Moritz Maximilian Heuer

• Hydrological models can be categorised into three groups: empirical models that are based on simple mathematical functions or being data-driven, conceptual models that rely on abstract combinations of storages and fluxes to depict catchment processes, or physically-based models that are structurally complex and incorporate physical interactions at different scales to simulate processes and system states. To calibrate and evaluate especially physically-based models, the use of multi-criteria evaluation schemes has proven to be effective to find model parameterisations that can reproduce multiple catchment processes and states instead of only the discharge.

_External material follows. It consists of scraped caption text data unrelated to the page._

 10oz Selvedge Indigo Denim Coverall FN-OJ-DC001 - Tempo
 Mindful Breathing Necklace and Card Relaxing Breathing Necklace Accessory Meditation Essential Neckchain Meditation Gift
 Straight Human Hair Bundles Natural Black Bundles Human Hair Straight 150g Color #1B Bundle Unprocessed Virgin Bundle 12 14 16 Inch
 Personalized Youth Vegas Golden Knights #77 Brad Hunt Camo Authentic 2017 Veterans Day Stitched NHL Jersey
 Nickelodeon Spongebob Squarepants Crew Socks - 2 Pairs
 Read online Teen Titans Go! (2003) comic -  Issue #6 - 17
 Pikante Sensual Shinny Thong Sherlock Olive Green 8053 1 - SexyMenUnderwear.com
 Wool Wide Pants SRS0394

However, uncertainty in models, originating from different sources, often limits the robust interpretability of simulation results, making it necessary to assess how modelling applications can be improved to reduce uncertainty. In this thesis, the relevance of structural adequacy for the depiction of processes in models was demonstrated for the micro level for the example of dynamic phenology, where spatiotemporal model performance was improved by implementing a dynamic approach to modelling leaf emergence instead of a static one. For model evaluation at macro level, it was shown how a multi-criteria approach combining groundwater dynamics, surface runoff patterns and discharge can identify process-behavioural parameterisations and thus improve process depiction in hydrological models. At the meta level, it was demonstrated how the quasi-coupling of a hydrological and a hydraulic model can combine the different strengths of both models to simulate surface runoff processes taking infiltration into account, whereby the relevance of multi-criteria evaluated hydrological models for the derivation of hydrological variables was shown. In addition, uncertainty was explicitly incorporated into model evaluation at the meta level, where a virtual reality model approach was applied to assess the contribution that different variables can make to model evaluation when the associated measurement uncertainty is taken into account. Based on the individual results, it was possible to conclude that uncertainty and its different sources are a relevant factor in model evaluation at different levels and could be reduced by improving structural model adequacy, adapting model application approaches, and explicitly incorporating uncertainty into model evaluations.